The Galaxy Tab 10.1 4G is available through Verizon Wireless for an off-contract price of $699 for the 16GB version or $799 for the 32GB version. Agreeing to a two year contract drops the prices to $529 and $629, respectively. Even with the two year agreement, the 4G Tab is expensive. In a world where we're looking to see tablets hit $399 it's really tough to justify spending 50% more. If you want LTE on a tablet however, this is your only option.

2011 Tablet Comparison
  Apple iPad 2 ASUS Eee Pad Transformer Motorola Xoom WiFi Samsung Galaxy Tab 10.1 Samsung Galaxy Tab 10.1 4G
SoC Apple A5 (Dual ARM Cortex A9 @ 1GHz) NVIDIA Tegra 2 (Dual ARM Cortex A9 @ 1GHz) NVIDIA Tegra 2 (Dual ARM Cortex A9 @ 1GHz) NVIDIA Tegra 2 (Dual ARM Cortex A9 @ 1GHz) NVIDIA Tegra 2 (Dual ARM Cortex A9 @ 1GHz)
Display 1024 x 768 IPS 1280 x 800 IPS 1280 x 800 1280 x 800 PLS 1280 x 800 PLS
NAND 16GB 16GB 16GB 16GB 16GB
Connectivity Options WiFi, AT&T 3G, Verizon 3G WiFi WiFi, Verizon 3G, Verizon LTE (soon) WiFi WiFi, Verizon 3G, Verizon LTE
Dimensions 241.2mm x 185.7mm x 8.8mm 271mm x 175mm x 12.95mm 249.1mm x 167.8mm x 12.9mm 256.6 x 172.9 x 8.6mm 256.6 x 172.9 x 8.6mm
Weight 601g 695g 730g 565g 567g
Price $499 $399 $599 $499 $699 ($529 with 2-year contract)

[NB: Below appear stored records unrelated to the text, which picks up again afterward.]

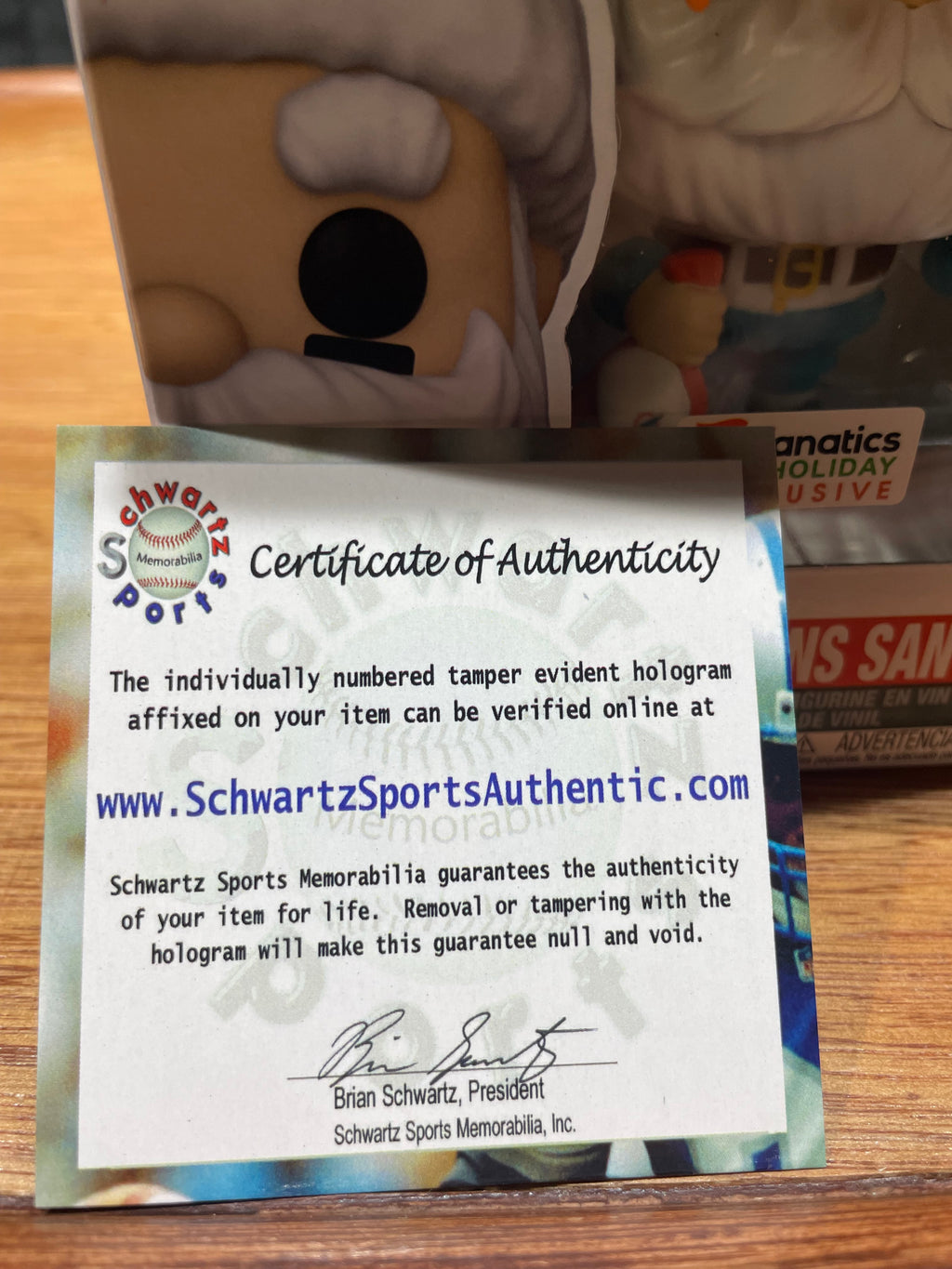 Larry Little Autographed Miami Dolphins Funko Pop- Schwartz Hologram and Certificate of Authenticity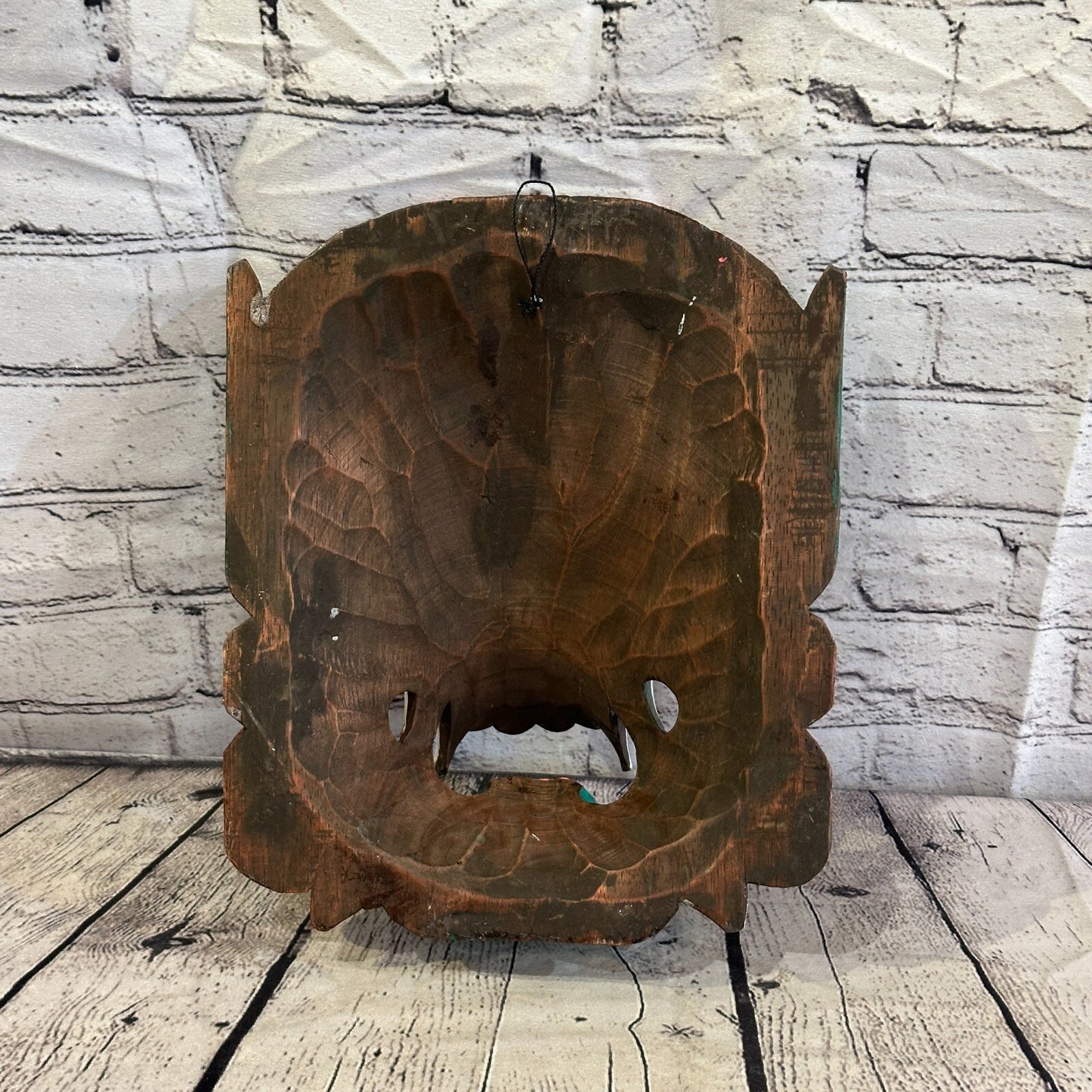 Large Wooden Green Barong Wall Mask 30cm x 25cm Handmade And Fairtrade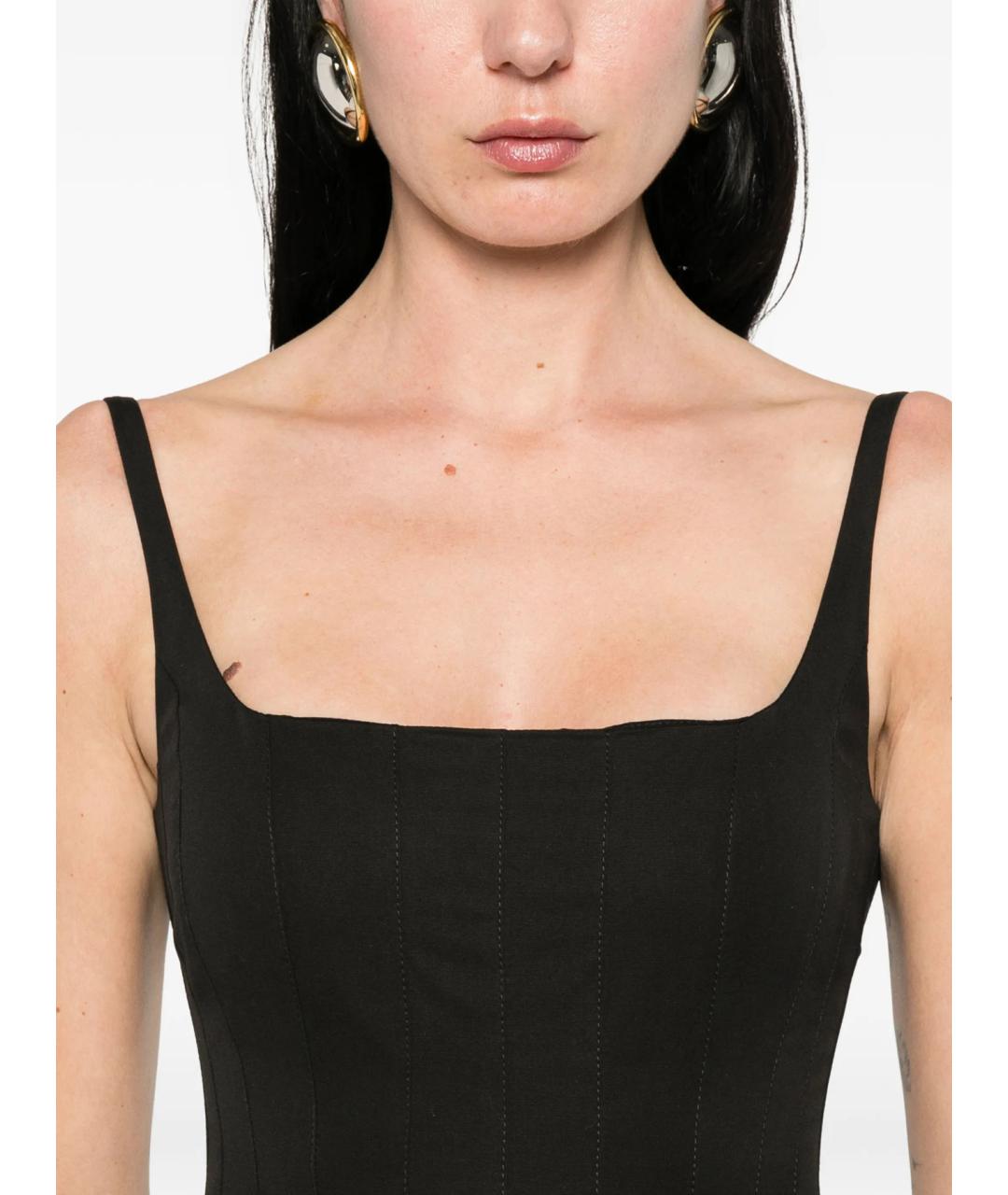 JACQUEMUS Черное хлопковое повседневное платье, фото 5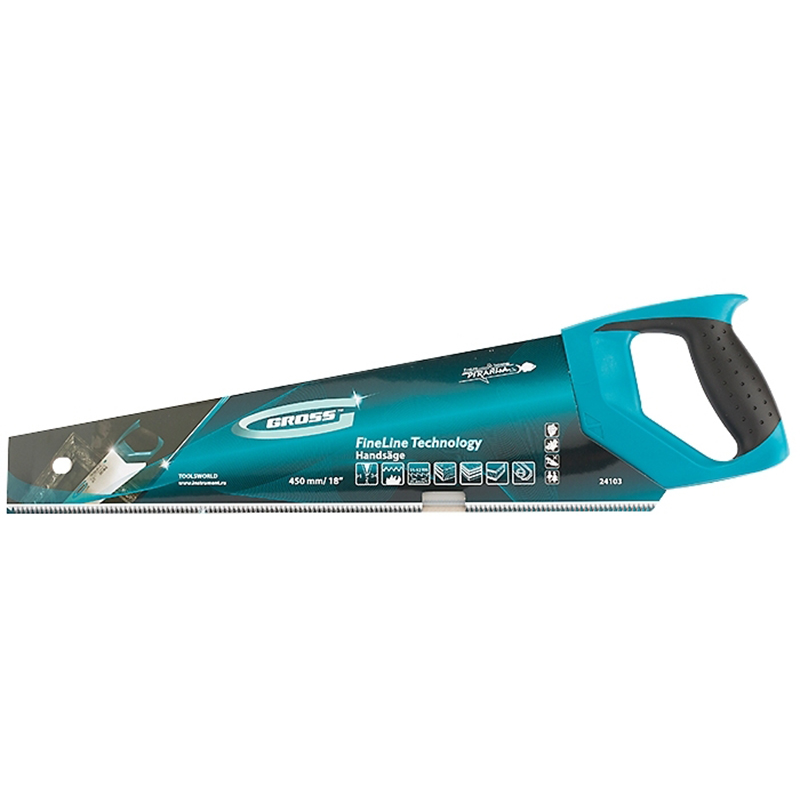 Ножовка по дереву PIRANHA 500мм, 11-12 TPI, зуб-3D, каленый зуб, 2-х комп. рук-ка GROSS 24104
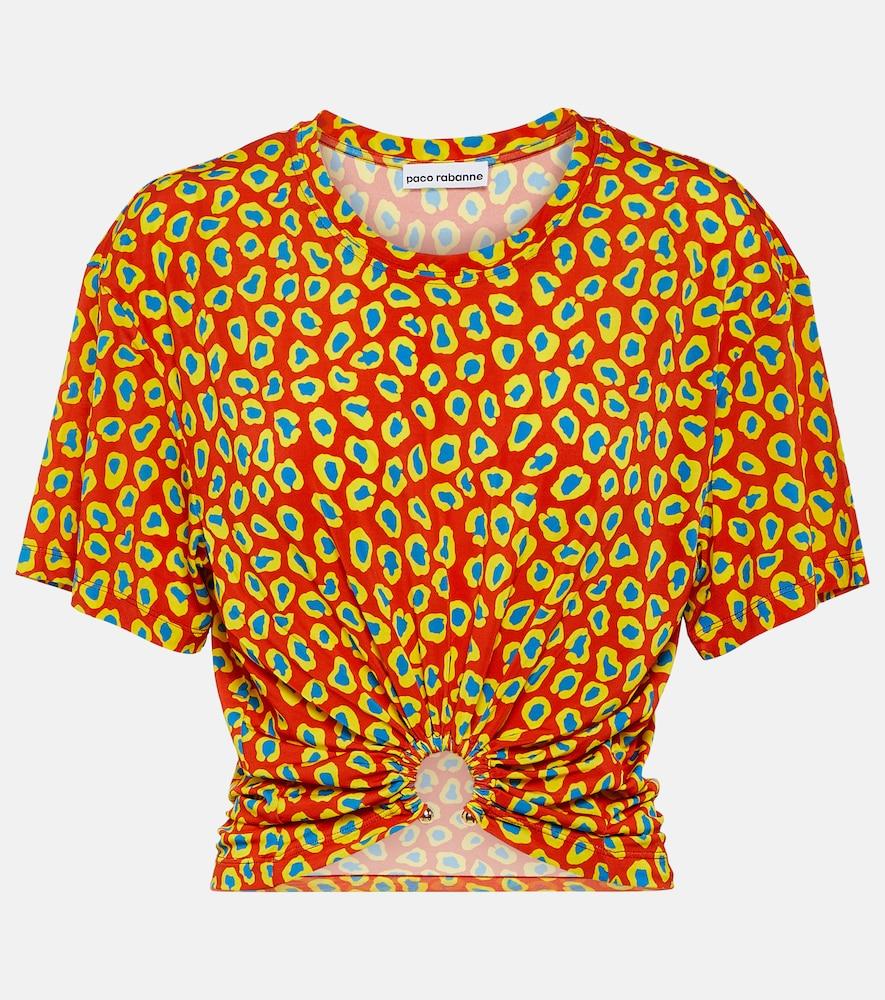 rabanne second skin leopard-print top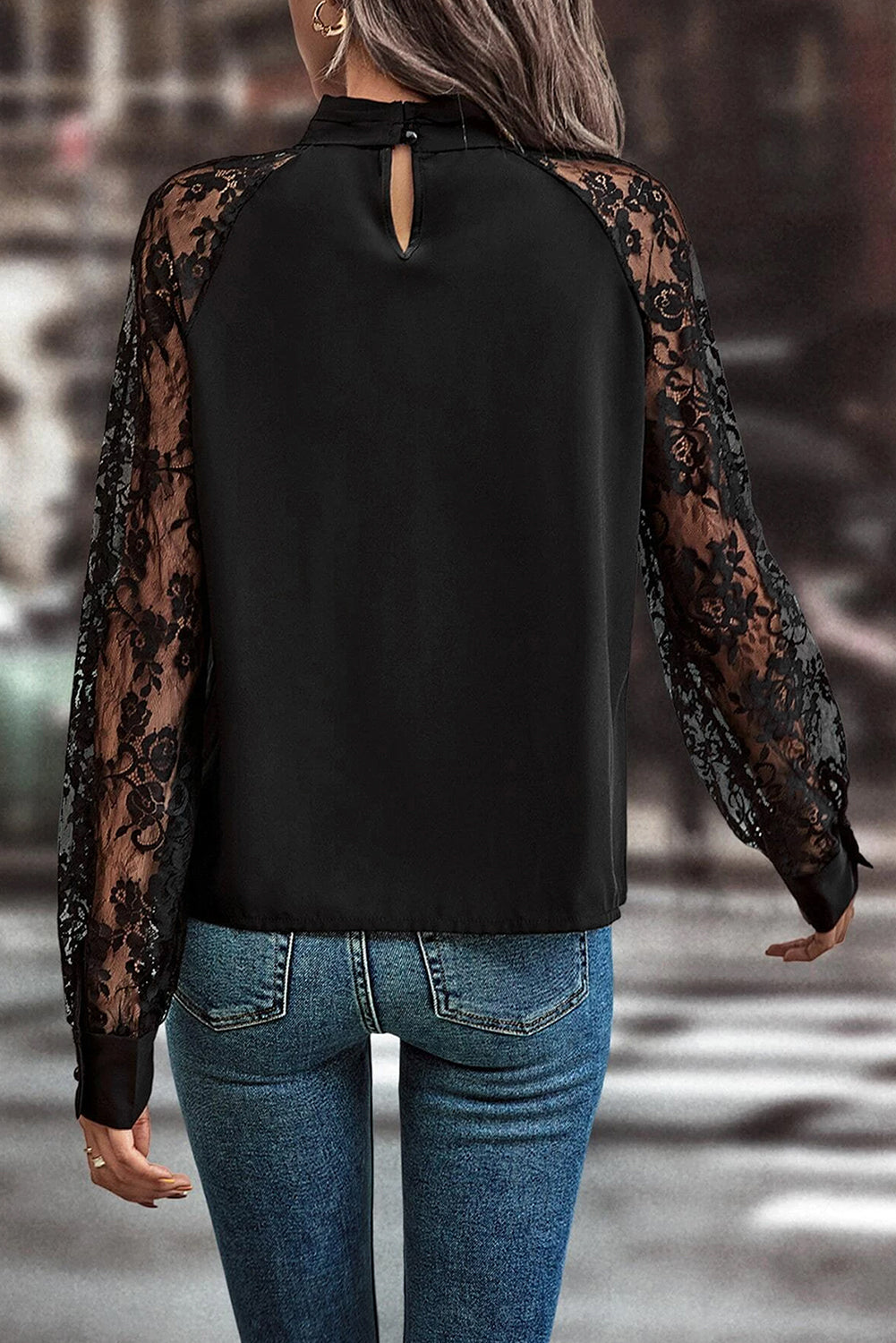 Black Floral Lace Blouse LT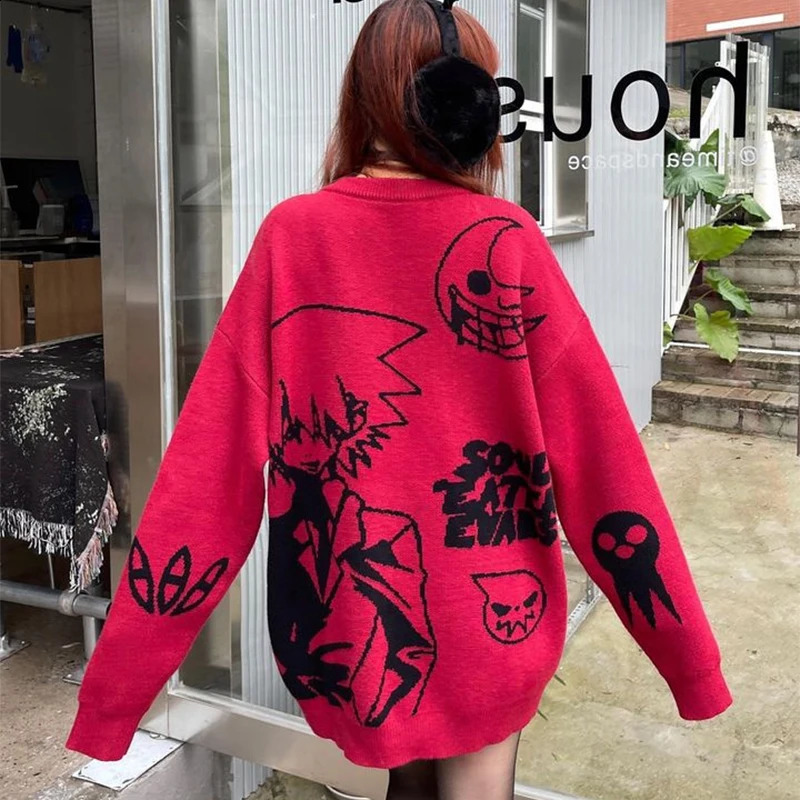 Y2K Harajuku Retro Cartoon Anime Knitted Sweater Mens Winter Super Large Rock Hip Hop Rap Jumping Womens Top 240821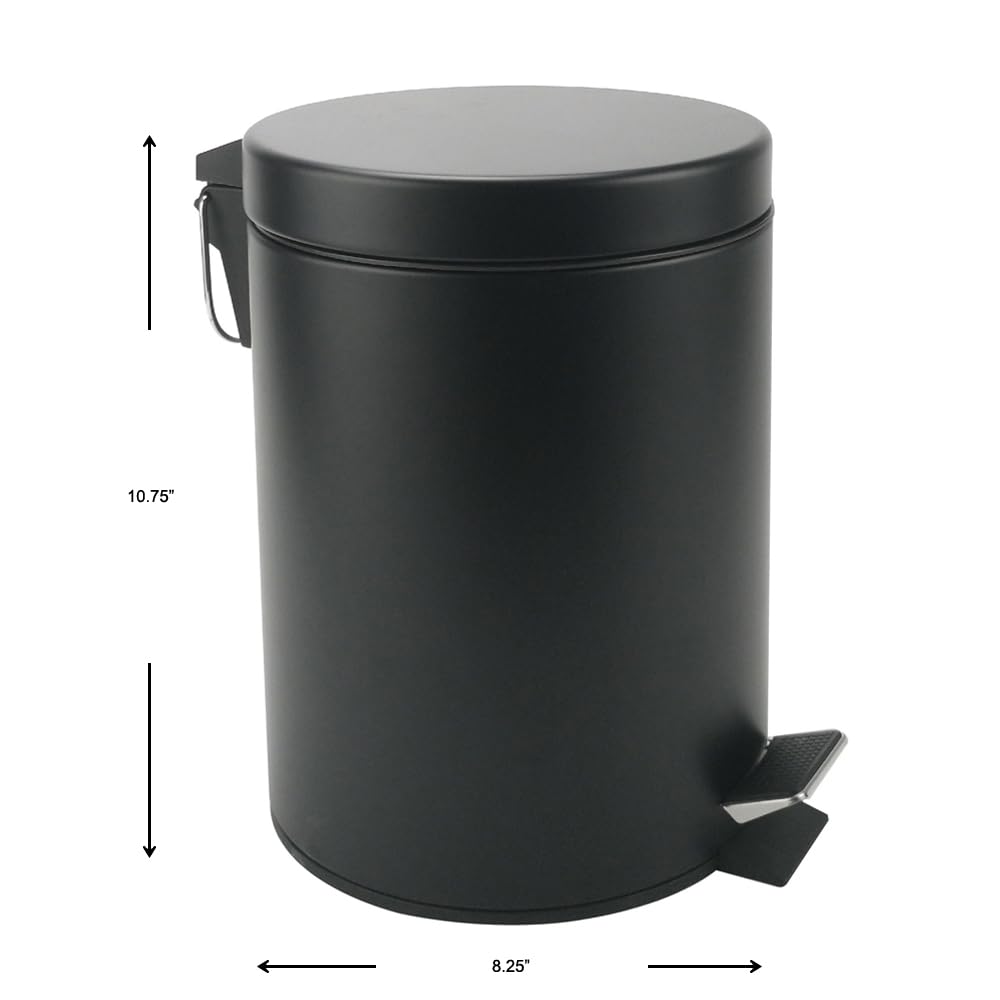 Stainless Steel Small Trash Can with Lid & Step Pedal - 5 Liters/1.3 Gallon Soft Close Waste Basket with Removeable Inner Bucket - Garbage Can for Bathroom, Bedroom, Kitchen & Office (Black)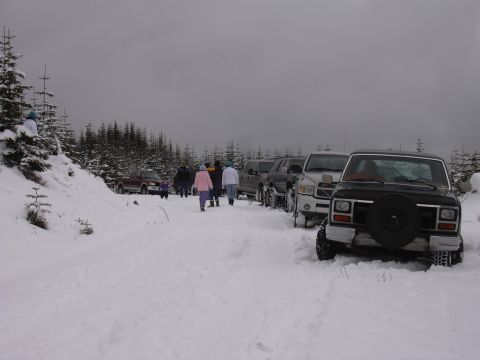 1991 Ford Bronco - A line of vehicles parked in a snowy, wooded area with people walking around.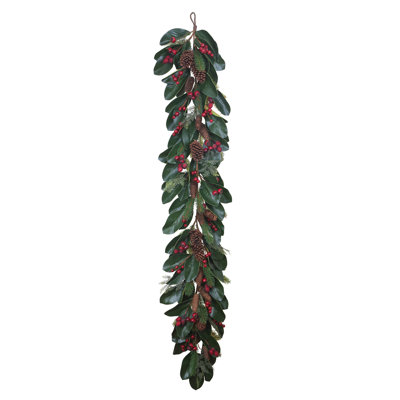 Christmas Magnolia With Berry Cone Garland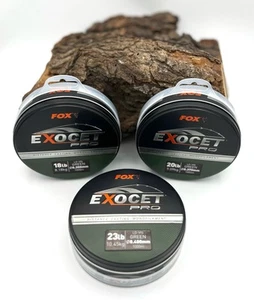 Fox Exocet Pro Lo-Vis Green Mono 16lb 18lb 20lb 23lb 1000m Abriebfest Sinkend - Picture 1 of 5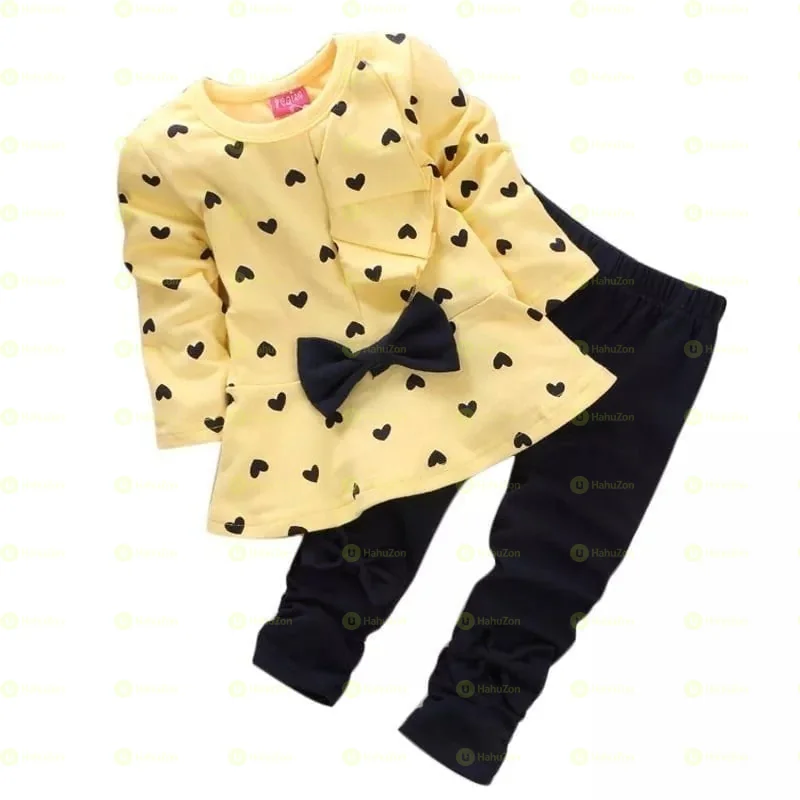 Girl Princesses Bowknot Best Top Dress and Pants Suits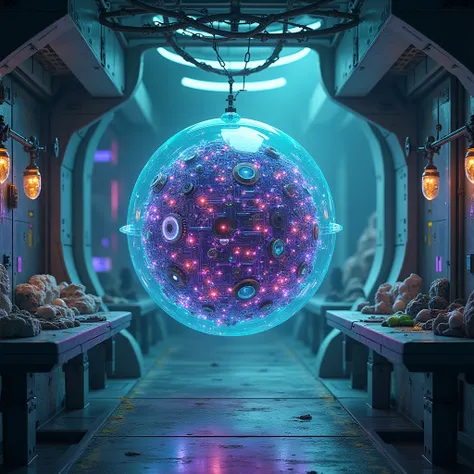 Sci-fi turquoise orb with visible circuitry and retro components. Purple and red glowing circuitry. Steven Universe. Yugioh. Digital art. In a floating chamber in a sci-fi lab.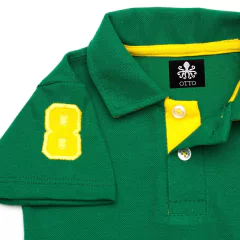 Polo Infantil Bordada Para Meninos Manga Curta Piquet Verde-Bandeira Com Detalhes Em Amarelo | Otto - comprar online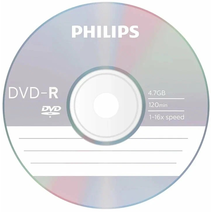 Диск DVD-R Philips 4.7 Gb, 16x, Бум.конверт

Verizon offers three LTE plans for use with the 4G enabled Galaxy Tab:

Verizon LTE Dataplans for Tablets
Monthly Download Cap 2GB 5GB 10GB
Monthly Price $30 $50 $80
Monthly Overage per GB $10

Unfortunately there are no pay-as-you-go LTE plans yet and none of these options are particularly reasonable, especially considering how fast LTE is. Even with the $80 10GB plan, if you're downloading at 25Mbps you can blow through your entire month's allowance in 53 minutes. While I don't expect many users to be downloading full Blu-rays onto a Galaxy Tab 10.1, it won't be too long before that's feasible for playback on a tablet. LTE is great, but these plans need serious work.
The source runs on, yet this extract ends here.